We've implemented a code cache allocation scheme to this effect in recent versions of Zing. Zing's code cache was similarly naive and since Zing has been tiered compiling for a while now we started at a similar point to what you describe.
The hypothesis (supported by some evidence) was that in sufficiently large compiled code workloads, with sufficiently numerous hot methods (one of those flat profiles where the list of methods taking > 1% cycles is long), and given long enough for late compiles to kick in, you can end up with a dispersed set of code blobs in you code cache.
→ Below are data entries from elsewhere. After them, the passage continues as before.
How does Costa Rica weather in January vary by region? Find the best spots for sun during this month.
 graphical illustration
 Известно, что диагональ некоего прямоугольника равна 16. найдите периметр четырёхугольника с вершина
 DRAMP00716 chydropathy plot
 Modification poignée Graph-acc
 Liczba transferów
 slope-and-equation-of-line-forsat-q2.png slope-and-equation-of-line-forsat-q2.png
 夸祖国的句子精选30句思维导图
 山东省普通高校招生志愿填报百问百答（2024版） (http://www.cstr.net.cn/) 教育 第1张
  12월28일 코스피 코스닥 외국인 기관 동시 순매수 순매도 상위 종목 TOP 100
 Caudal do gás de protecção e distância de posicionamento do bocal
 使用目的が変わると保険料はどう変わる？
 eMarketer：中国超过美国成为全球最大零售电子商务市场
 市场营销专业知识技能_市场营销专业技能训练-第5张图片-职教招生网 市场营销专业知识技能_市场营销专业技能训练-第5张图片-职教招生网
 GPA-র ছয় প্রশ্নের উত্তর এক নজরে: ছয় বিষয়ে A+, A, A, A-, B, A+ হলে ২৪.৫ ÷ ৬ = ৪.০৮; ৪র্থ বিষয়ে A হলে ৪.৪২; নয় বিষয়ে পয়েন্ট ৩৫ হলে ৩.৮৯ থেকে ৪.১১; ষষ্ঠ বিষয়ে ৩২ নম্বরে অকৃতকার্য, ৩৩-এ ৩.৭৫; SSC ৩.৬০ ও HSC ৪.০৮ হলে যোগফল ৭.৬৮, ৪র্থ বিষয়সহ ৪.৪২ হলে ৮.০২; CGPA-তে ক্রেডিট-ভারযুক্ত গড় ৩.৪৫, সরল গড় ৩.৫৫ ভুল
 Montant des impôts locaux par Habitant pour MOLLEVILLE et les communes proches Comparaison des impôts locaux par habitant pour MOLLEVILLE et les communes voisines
Ignoring the risk of code cache exhaustion, the cost we were seeing for some workloads was in iTLB misses.
The scheme we ended up with is different than JEP 197, we still have one code heap and the segmentation is internal and follows a pretty simple scheme, but it seems to help :)
The change improved some workloads (client code, finance application) by up to 4%, the impact varied by CPU. As these things go, a modest win.
Relocating observed hot paths together is complex and as Aleksey points out, if they are very strongly correlated inlining already helps this case. I can imagine a workload where it would help, but I doubt it justifies the work.
So, your intuition was to a large extent correct, and vendors are actively pursuing it with some solutions already in the field and some around the corner. At least for Zing, for certain real world workloads we saw a measurable positive effect, and I expect the OpenJDK solution will deliver similarly in these workloads.
A further, and more significant boost, was achieved by allocating larger code cache pages. This is internal to Zing and does not require OS configuration. Increasing the page size to 2M improved certain workloads by more than 10% (large number of compilation units + memory pressure). A similar improvement should be possible on OpenJDK by enabling -XX:+UseLargePages, I believe Sergey Kuksenko describes such a case in one of his talks. I've not used this option myself so cannot comment on it's suitability.
Both optimizations are default for latest Zing versions.